As a 225-year old Jesuit institution, Georgetown has had a lukewarm relationship with Greek life. The university has long maintained its stance that Greek organizations are incompatible with the University’s Catholic ideals since the 1950s. At the same time, sororities and fraternities have increased their presence on campus in recent years. Under the current policy of the Division of Student Affairs, none of the Greek organizations receive funding from the Student Activities Commission, or any other form of funding from the university (with one exception).
The social fraternities at Georgetown include Sigma Phi Epsilon, Sigma Alpha Epsilon, Alpha Epsilon Pi, and Zeta Psi and the two social sororities Kappa Kappa Gamma and Kappa Alpha Theta have just started in the past two years. These organizations organize annual formals, fundraisers, and weekend mixers with each other.
The fraternities and sororities at Georgetown are not nearly as demanding nor hazing-intensive as they are at other universities. Perspective Greek students at Georgetown say that the pledging process, which lasts from five to ten weeks according to the organization, requires a big time commitment, not a lack of principles. Most frats and sororities recruit both in the fall and the spring semester. One obstacle that all Greek organizations (except Delta Phi Epsilon) face is that they do not have University-owned houses that are passed down each year.
In addition to social fraternities and sororities, there are co-ed professional fraternities, such as Alpha Kappa Psi and Delta Phi Epsilon, of which the Alpha chapter was conceived at Georgetown. These business and foreign service frats have regular meetings, extensive career networks, and other career-related events every year. Alpha Phi Omega, the co-ed community service fraternity is the only recognized Greek organization at Georgetown and is supported by the Center for Social Justice at the university. The historically black fraternities and sororities include Alpha Phi Alpha, Omega Psi Phi and Kappa Alpha Psi.

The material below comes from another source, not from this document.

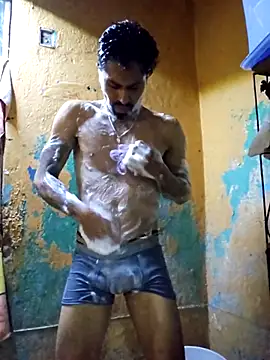 pene latinoriico online show from 01/09/26, 07:55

While such a number of Greek organizations do exist on campus, you don’t need to join a sorority and fraternity to have a memorable Georgetown experience. Most popular non-Greek student organizations, such as the Corp and GUASFCU, offer an equally regular social calendar, allowing students to make friends and network. Most other student clubs on campus require an application process or interviews to become a member.
At Georgetown, you will find your niche whether you decide to wear Greek letters on your back or join the student orchestra you’ve always wanted to try out for. Heck, go crazy and shoot for the MUG caps!
Disclaimer: The author, who is a Voice staffer, is a member of the Delta Phi Epsilon sorority. The views in this post are her own and do not represent those of the Voice.
“As a 450-year old Jesuit institution, Georgetown has had a lukewarm relationship with Greek life.” 450? Really?
Thanks for pointing this out. We’ve updated the article to correct our error.